- DESCRIPTION OF THE TASK -
Leave out every picture and set down, exactly, the lines below from the one holding "Der Baugrund (eBook, PDF) - Singer, Na" up to and including the one holding "Der Fisch ist".

- INPUT RECORDS -
= Beginning of Section =
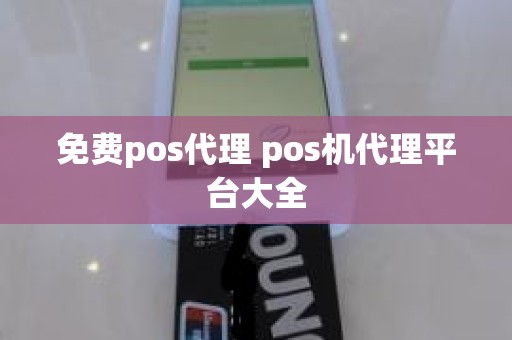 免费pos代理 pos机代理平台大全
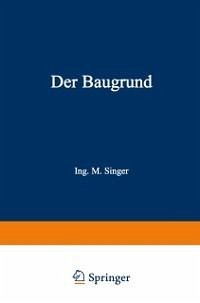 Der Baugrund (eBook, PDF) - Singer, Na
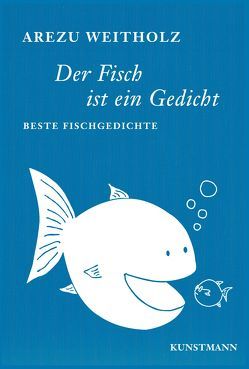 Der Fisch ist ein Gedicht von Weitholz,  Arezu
= End of Section =
= Beginning of Section =
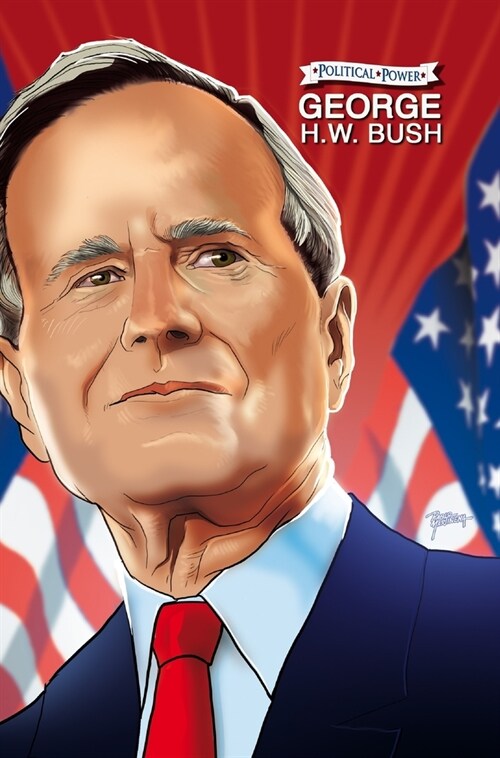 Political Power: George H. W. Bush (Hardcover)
= End of Section =
- SOLVED PROBLEM -
 Der Baugrund (eBook, PDF) - Singer, Na
 Der Fisch ist ein Gedicht von Weitholz,  Arezu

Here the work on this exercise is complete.